Die Frage kam mehrmals hier auf. Anscheinend verwirrt es manche, dass ich in meinem Profil geschrieben habe: Priester und Single. Was ist daran denn merkwürdig?

Nach gut fünf Jahren als Priester im Bistum Aachen ist für mich der Zug „die Gemeinde als Familie“ längst abgefahren. Klar ist es schön und etwas Besonderes in Familien eingeladen zu werden. Aber das ist doch nicht meine Familie. Ich würde es eher eine Freundschaft nennen. Damit widerspreche ich Jesus, I know. Für ihn war klar: Während Jesus noch zu der Menschenmenge sprach, kamen seine Mutter und seine Brüder dazu. Sie standen vor dem Haus und wollten ihn sprechen. Einer aus der Menge sagte zu Jesus: »Deine Mutter und deine Brüder stehen draußen und wollen dich sprechen!« Jesus antwortete ihm: »Wer ist meine Mutter? Wer sind meine Brüder?« Dann streckte er seine Hand über seine Jünger aus und sagte: »Das hier sind meine Mutter und meine Brüder! Denn wer tut, was mein Vater im Himmel will, der ist mein Bruder, meine Schwester und meine Mutter.« (nach Matthäus Kapitel 12, Verse 46-50)

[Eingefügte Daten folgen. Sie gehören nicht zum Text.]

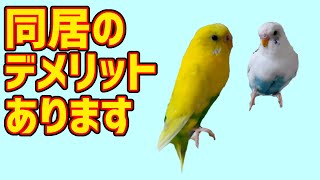 セキセイインコを同居させるデメリット【budgerigar】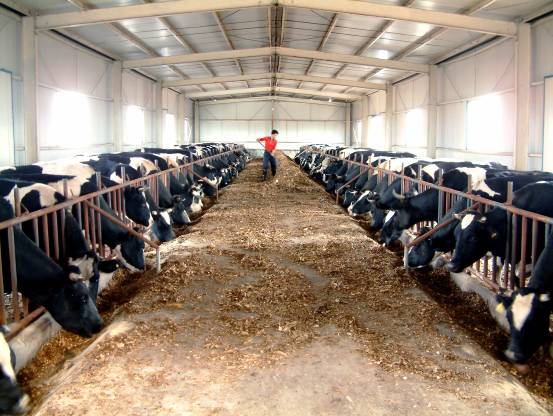 牛犊抢着买，肥牛却卖不掉，养牛户如何解决销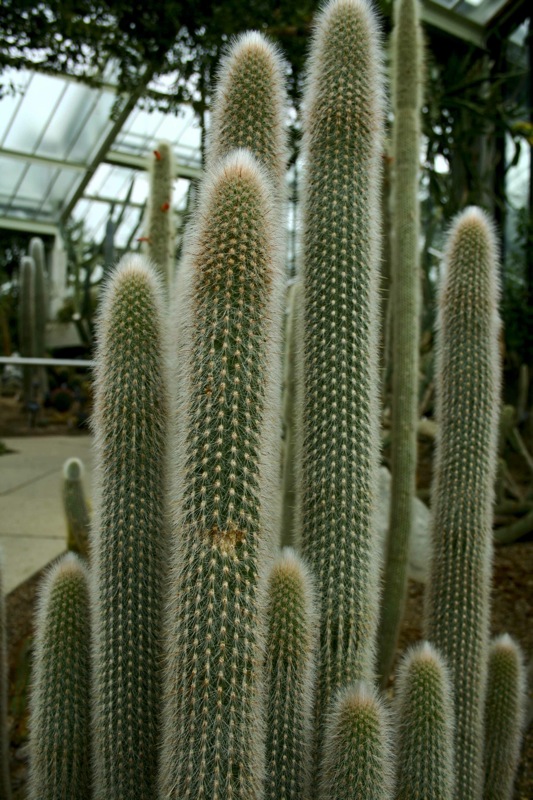 large cactus in a greenhouse with some other plants in the back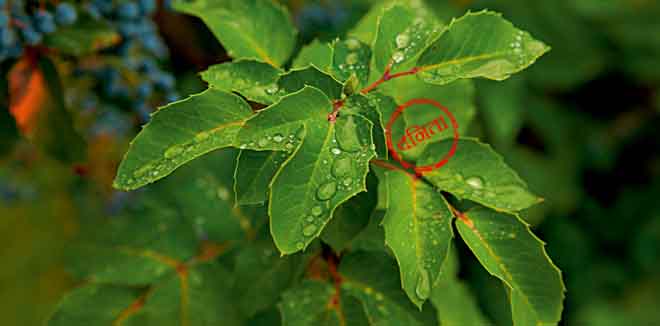 Dew and rain drops on the leaves of a bush with blue berries in a city park.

Ich bin immer als Single unterwegs. Ich stehe morgens alleine auf und gehe auch so ins Bett. Im Supermarkt schaue ich, dass ich die kleinen Packungen kaufe – mehr als zwei Portionen schaffe ich eh nicht! Oder der Rest muss eingefroren werden. Dieses Jahr habe ich zum ersten Mal einen Katalog für „Singlereisen“ auf meinem Wohnzimmertisch liegen. Ich bin frei darin meine Abende und freien Tage zu gestalten, weil ich nicht auf jemand anderen dabei Rücksicht nehmen muss. Und da gibt es noch viel mehr!!!

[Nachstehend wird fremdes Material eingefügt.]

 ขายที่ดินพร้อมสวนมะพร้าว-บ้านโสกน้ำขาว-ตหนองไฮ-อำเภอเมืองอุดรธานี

Ja, das sind Vor- und Nachteile. Aber als Priester lebe ich als Single! Dieses Leben will ich nicht verherrlichen, aber es ist die Realität! Es ist für mich hin und wieder lustig, wie sich Menschen so ein Priesterleben vorstellen. Die Medien bedienen genügend Klischees. Aber es unterscheidet sich nicht groß vom Leben eines anderen Single dort draußen. Na gut, mein Zölibatsversprechen bringt es mit sich, dass ich nicht auf der Suche nach meiner besseren Hälfte bin. Aber auch ich darf Menschen immer noch attraktiv und spannend finden und das Gen fürs Verlieben ist nicht mit der Weihe weggemacht. Da bleibe ich Mensch und dazu habe ich mich allein entschieden. Das macht das Leben nicht einfacher, aber ich gewinne auch Freiheit, die ich gut für mich und meinen Job gebrauchen kann. Dennoch bleibt es eine Herausforderung.

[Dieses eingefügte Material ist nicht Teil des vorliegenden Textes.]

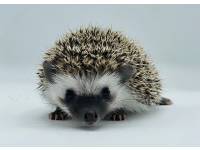 photo of hedgehog for sale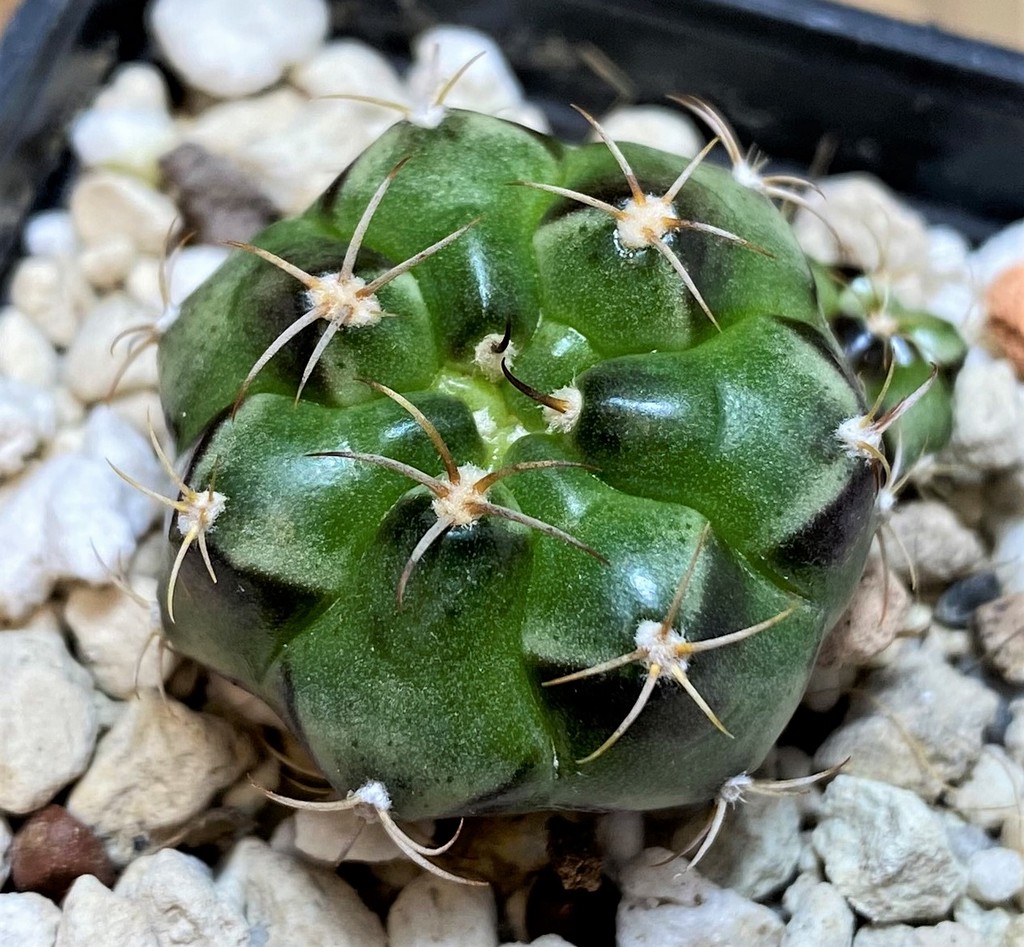 YAR27987 Gymnocalycium joossensianum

Ich freue mich mit Menschen, die heiraten und zusammenleben. Ich freue mich über jedes Kind, das zur Welt kommt. Ich schaue aber auch immer mit ein wenig Traurigkeit darauf. Denn das habe ich nicht. Dennoch rufe ich keine Revolution gegen die Ehelosigkeit aus. Ich weiß sie für meinen Job und mein Leben zu schätzen.

Ja, ich bin gerne Single und ich stehe auch dazu! Deswegen: Priester und Single! Was ist da so verkehrt dran?